- Theatrical release poster
- Directed by: Hardik Mehta
- Written by: Radhika Anand
- Story by: Hardik Mehta
- Produced by: Gauri Khan Manish Mundra Gaurav Verma
- Starring: Sanjay Mishra Deepak Dobriyal Isha Talwar Nasirr Khan
- Cinematography: Piyush Puty
- Edited by: Prashanth Ramachandran Jayalaxmi
- Music by: Rachita Arora
- Production companies: Red Chillies Entertainment Drishyam Films
- Distributed by: Zee Studios
- Release dates: 5 October 2018 (Busan); 6 March 2020;
- Running time: 120 minutes
- Country: India
- Language: Hindi

= Kaamyaab =

2018 Indian film by Hardik Mehta

Kaamyaab (English title: Round Figure) is a 2018 Indian Hindi-language drama film directed and written by Hardik Mehta, and produced by Red Chillies Entertainment and Drishyam Films. The film stars Sanjay Mishra and Deepak Dobriyal with Isha Talwar, Nasirr Khan and Sarika Singh appearing in supporting roles. It is the story of a washed up “side-actor” of Hindi movies, who wants to make a comeback with a memorable role so that he can complete a record figure of acting in 500 films.

==Plot==

Kaamyaab is the journey of Sudheer, a washed up side actor from the heyday of Bollywood. Years after his retirement, he realises that he ‘retired’ on the verge of accomplishing a unique record. He decides to come out of his retirement to complete the round figure of 500 and get that one substantial role for which he will be remembered forever.

==Cast==
- Sanjay Mishra as Babulal Chandola / Sudheer
- Deepak Dobriyal as Gulati
- Isha Talwar as Isha
- Nasirr Khan as Director Barot
- Sarika Singh as Bhavna, Babu's daughter
- Avtar Gill as Himself
- Viju Khote as Himself
- Manmauji as Himself
- Guddi Maruti as Herself
- Anil Nagrath as Himself
- Birbal as Himself
- Lilliput as Himself
- Devas Dixit as Casting Assistant
- Akashdeep Arora as Shibu Sunder Das
- Devika Vatsa as Casting Assistant
- Kaurwakee Vasistha as Anu
- Shehzad Khan as Himself
- Vikas Verma as Rahul Chopra

==Marketing and release==
The official announcement for Har Kisse Ke Hisse... Kaamyaab was made by Red Chillies Entertainment on 31 January 2020. Presented by Red Chillies Entertainment, a Drishyam Films production, the film is produced by Gauri Khan, Manish Mundra and Gaurav Verma, and directed by Hardik Mehta.

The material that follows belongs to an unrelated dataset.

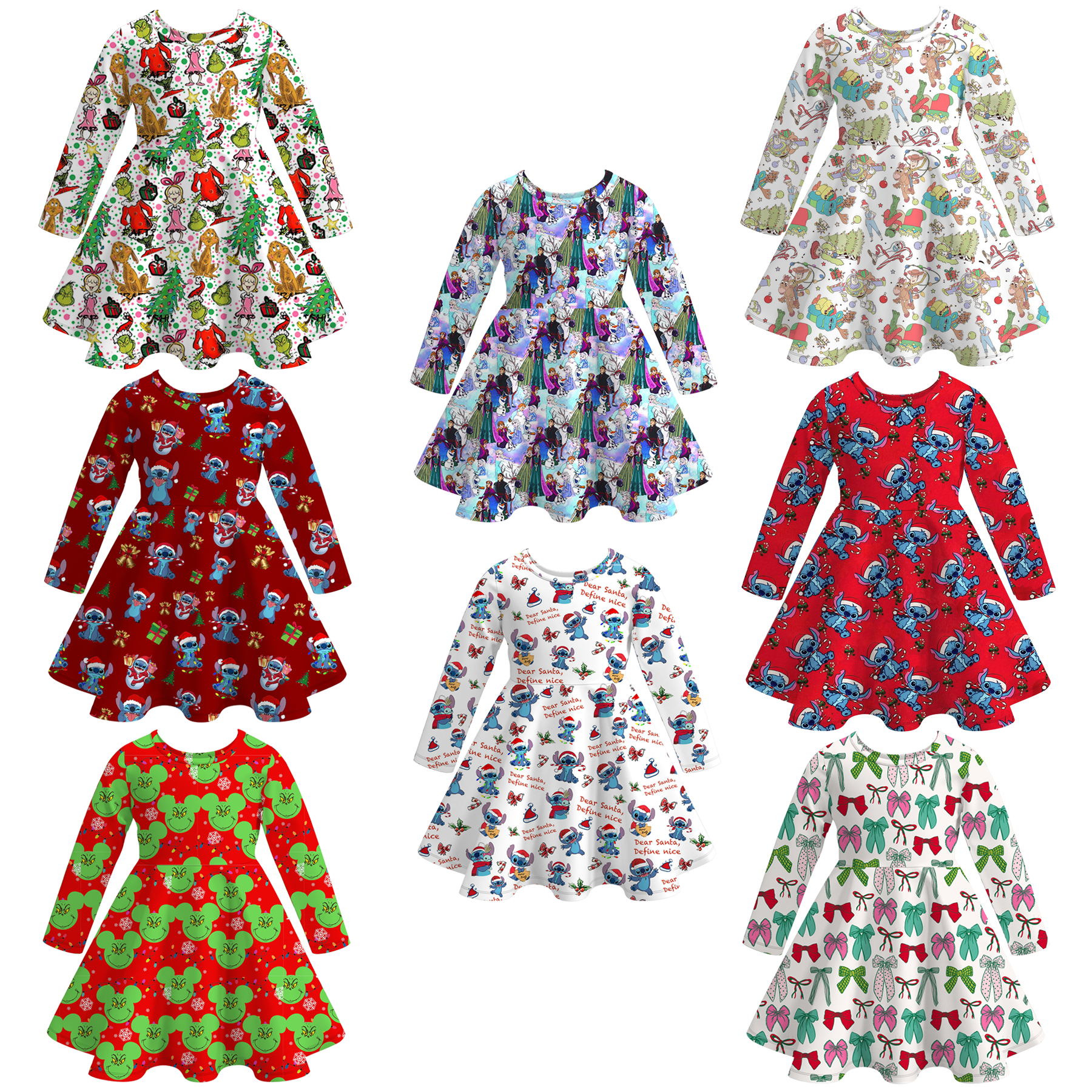 (Pre Order)Girls Christmas Print Milk Silk Dress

The film had its world premiere at the 23rd Busan International Film Festival on 5 October 2018. It was released theatrically in India on 6 March 2020.

==Soundtrack==

The film's songs are composed by Rachita Arora, with lyrics written by Neeraj Pandey.

Track listing
| No. | Title | Singer(s) | Length |
|---|---|---|---|
| 1. | "Tim Tim Tim" | Bappi Lahiri | 4:32 |
| 2. | "Paaon Bhaari" | Ash King | 4:29 |
| 3. | "Sikandar" | Hariharan | 2:53 |
| Total length: |  |  | 11:54 |

==Reception==

===Critical response===
Pallabi Dey Purkayastha of Times of India gave 4.5/5 rating and termed it as an 'ode to Bollywood'. She found the tonality of the narrative light, subtle, funny and emotional. Praising
writer-director Hardik Mehta for his writing, and the ensemble cast for their performance she concluded that the film was about ability to fulfill dreams, even when the things are not going your way.

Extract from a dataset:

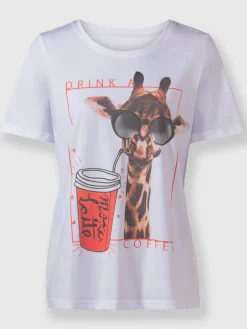 T-Shirts<T-shirt à manches courtes pur coton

=== Awards and nominations ===

| Year | Award | Category | Recipient(s) | Result | Ref. |
| 2021 | Filmfare Awards | Best Film (Critics) | Hardik Mehta | Nominated |  |
| Best Story | Nominated |
| Best Actor (Critics) | Sanjay Mishra | Nominated |

==Home media==
The film was made available for streaming on Netflix on 3 May 2020.